「1月10日からの3日間で、200件も『ペットのミドリガメを引き取ってほしい』という電話がありました。あの報道のせいですよ」

 そう憤るのは、多摩川を中心に外来種の魚類などの保護・譲渡を請け負うNPO法人「おさかなポストの会」創設者の山崎充哲さん。

 1月9日付の読売新聞夕刊に、「環境省は今後、法律(外来生物法)でミドリガメの輸入・飼育を禁じることにした」という内容の記事が載ったのだ。だが環境省に問い合わせると、「まだ情報収集をしたり、大量に捨てられないような規制の方法を検討している段階で、禁止とは決まっていない」という。先走り記事のようだが、ミドリガメが問題を背負っているのは事実だ。
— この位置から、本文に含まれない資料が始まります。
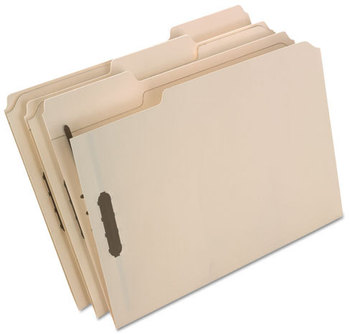 Pendaflex® Manila Folders with Fasteners,  2 Fasteners, 1/3 Cut Tabs, Letter, Manila, 50/Box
 ペットショップや露店などでも見かけるミドリガメは北米原産で、正式名称をミシシッピアカミミガメ(以下アカミミガメ)という。

 生態系等への被害を防止する外来生物法が施行された2005年当時から、遺棄が多く、環境省では要注意外来生物として注意喚起をしてきた。

「アカミミガメは雑食で繁殖力も強い。野に放つと、イシガメのような日本固有のカメを駆逐してしまう恐れがあります」(環境省)

 日本では推定で数十万匹が飼われている。成長すると体長は30センチ以上にもなる。寿命は40年とも50年ともいわれる。いままでに約3千匹のアカミミガメを保護したという前出の山崎さんは、「気軽に飼って、引っ越しの際などに捨てるし、川に逃がすのがよいことと思っている人も多い。環境教育を見直したい……」と話す。

 神戸市立須磨海浜水族園では、10年から淡水に棲(す)むカメの調査に取り組む。

「国内の21地域で1年半調査をした結果、捕獲した2402匹のうち52%がアカミミガメで、31%がクサガメ、イシガメはわずか16%でした」(亀崎直樹園長)

 同園は「亀楽園(きらくえん)」というアカミミガメの保護研究施設を設置。カメの繁殖期(5~7月)にアカミミガメを川や池で捕って持参した人を入場無料にするサービスも実施している。

「去年は923匹が持ち込まれました。カメが悪いわけじゃないし、まだ長生きできる。輸入規制は必要ですが、ウチのような施設を全国に増やしたり、各地の老人ホームで飼ってもらったり。明るい方向で解決にもっていきたいですね」(亀崎園長)

 問題は根深いが、大切なのはいま飼っているカメを大事に考えることだろう。